EXERCISE PROMPT ::
What is needed is an exact reproduction of the listing, without its pictures.

GIVEN DATA ::
= = = = =

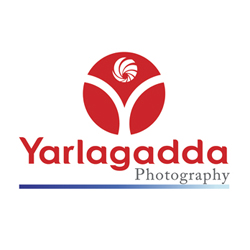 Yarlagadda Photography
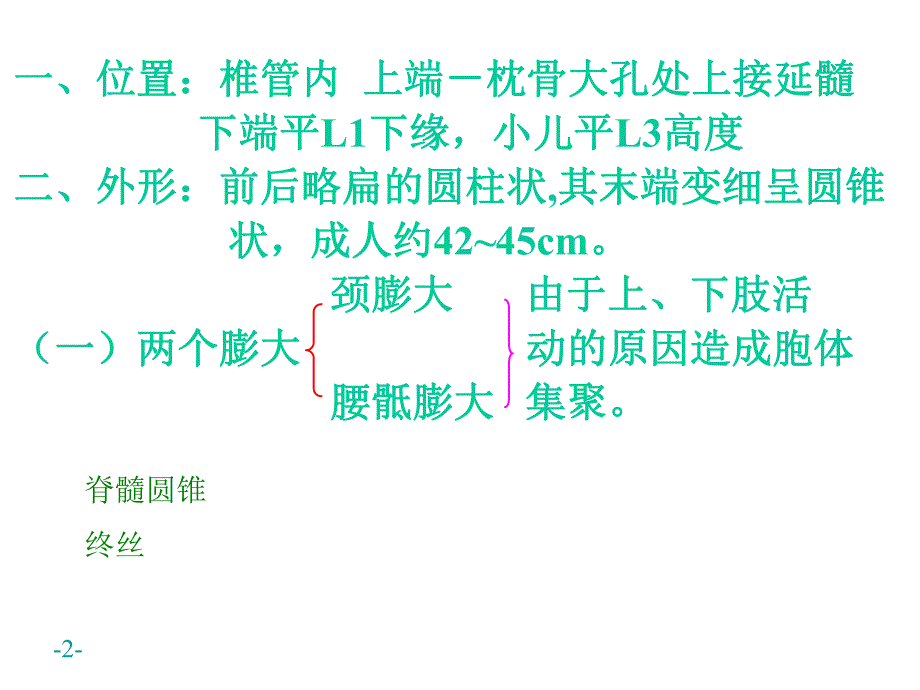 神经系统脊髓.ppt_第2页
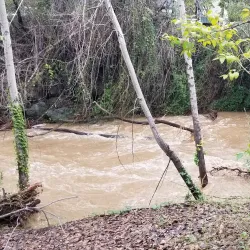 Stevens Creek Trail - Mountain View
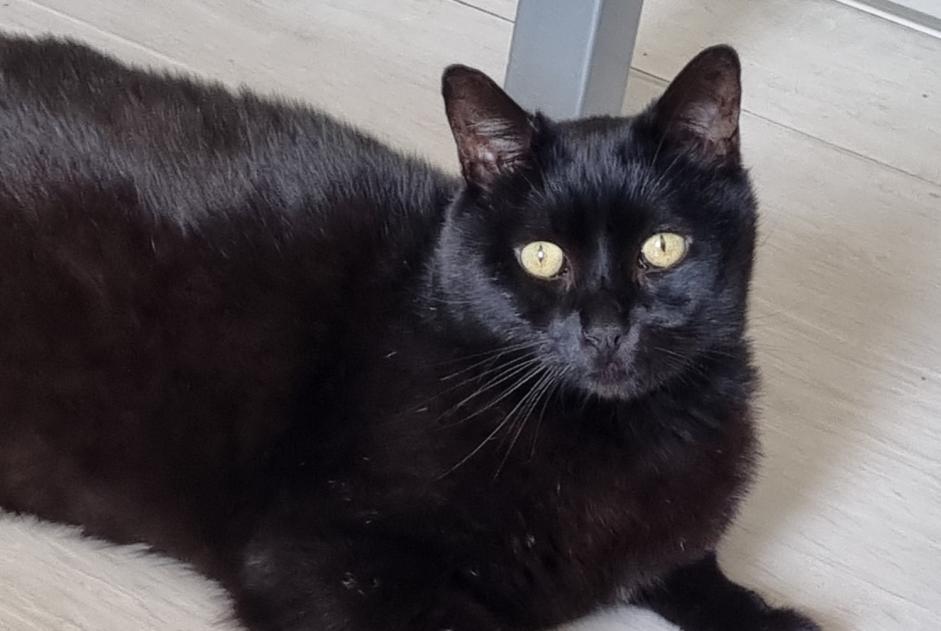 Alerta desaparecimento Gato  Macho , 11 anos Hérimoncourt France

= = = = =

RESULT OF THIS TASK ::
 Yarlagadda Photography
 神经系统脊髓.ppt_第2页
 Stevens Creek Trail - Mountain View
 Alerta desaparecimento Gato  Macho , 11 anos Hérimoncourt France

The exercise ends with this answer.